José de Rojas Martín, ejercía como párroco en
Castrillo Tejeriego, donde dio el visto bueno y firmó la lista de los
que debían ser represaliados. La madre de este cura iba diciendo por el
pueblo que “había que fusilar a los hijos de los detenidos, porque
llevaban el mismo camino que sus padres”.
Sergio Martín Martín, procedente de Medina de
Rioseco, donde también colaboró en la elaboración de las listas de los
que debían morir, estaba en Castromonte como párroco. En julio de 1936
se encontraba en Asturias, pero pudo regresar a mediados del mes de
septiembre, y fue entonces cuando comenzó la represión en Castromonte.
Muchos testimonios le atribuyen responsabilidad directa en muertes
ocurridas en Rioseco y la zona de la Santa Espina, además de las
ocurridas en Castromonte.
Ictinio, párroco de Tiedra, ayudó a elaborar las
listas de víctimas; alentó a los falangistas de la localidad, y fue
directamente responsable del asesinato de David Criado, un vecino que
estuvo detenido y regresó al pueblo al finalizar la guerra.
Bibiano del Campo Mucientes, natural de Villalba
de los Alcores.
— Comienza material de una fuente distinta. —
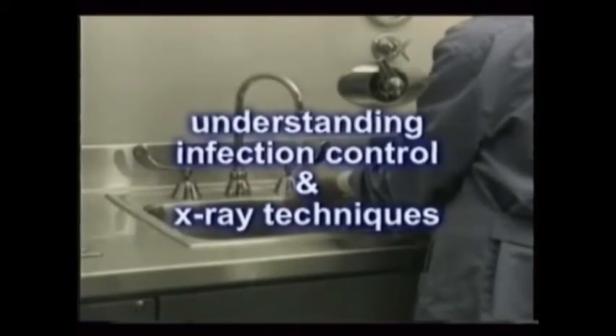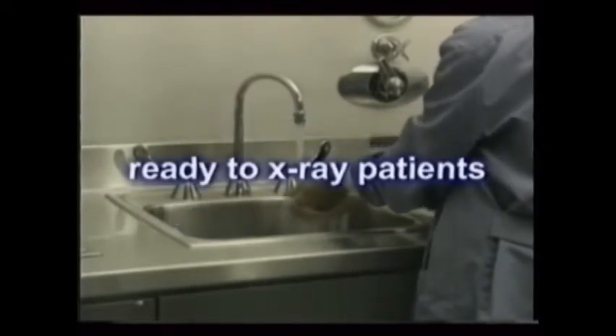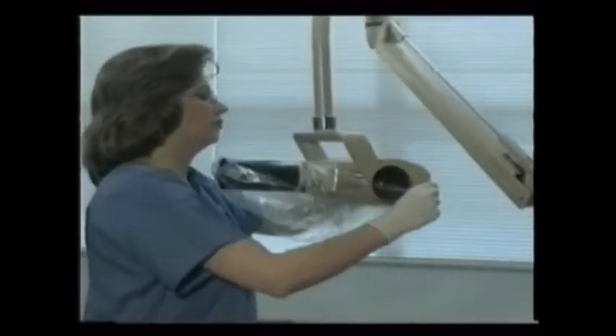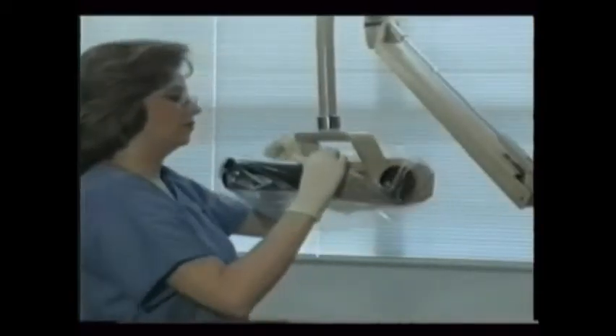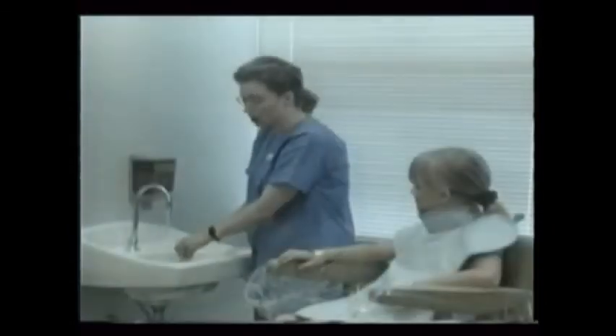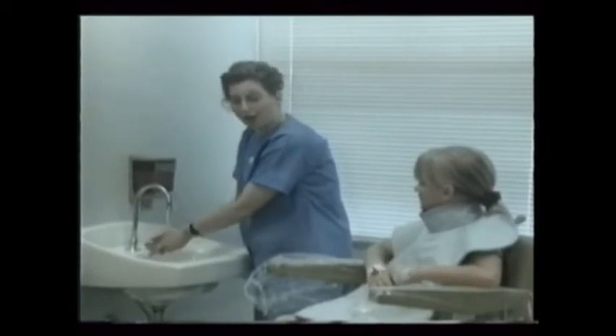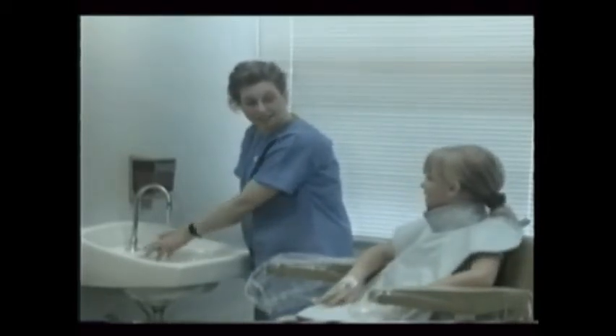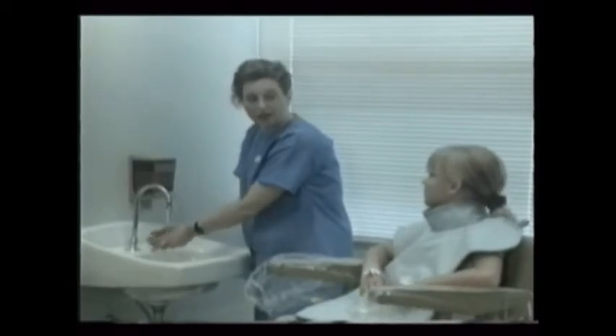With a clear understanding of proper infection control and x-ray techniques, you're ready to expose patients to x-ray. Intraoral x-ray exams are usually performed in a treatment room equipped with an x-ray machine. The room should be properly disinfected and draped prior to seating the patient. After draping the patient with a lead apron, wash your hands and put on the appropriate personal protective equipment — the mask, safety glasses, and gloves.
Estaba de párroco en Wamba en la época de la
sublevación. Colaboró haciendo listas y también de manera material: él
mismo llevó cuerdas para atar a los detenidos.
Pablo Rojo era párroco en Mojados. En los locales
del ayuntamiento estaban detenidos medio centenar de vecinos. El día 25
de julio, los sublevados del pueblo decidieron asesinar a varios de
ellos. El cura acudió a la prisión e intentó confesarlos con argucias y
amenazas.
A pesar de los ruegos de las familias y de la cantidad de
huérfanos que dejaban y de que el cura sabía positivamente que todos
eran inocentes y que los asesinatos se producían sin juicio ni
asistencia de autoridad legal alguna, Pablo Rojo colaboró con los
asesinos hasta que el último detenido subió al camión.
Ese día 25
vecinos de Mojados fueron trasladados al puente que une los términos de
Boecillo y Laguna de Duero y tiroteados allí. Algunos no fallecieron en
el acto y cayeron al agua con vida. Por fin los remataron a todos. Uno
de ellos, J.N. logró llegar herido, hasta el Coto del Cardiel, donde el
guarda de campo lo remató con su escopeta.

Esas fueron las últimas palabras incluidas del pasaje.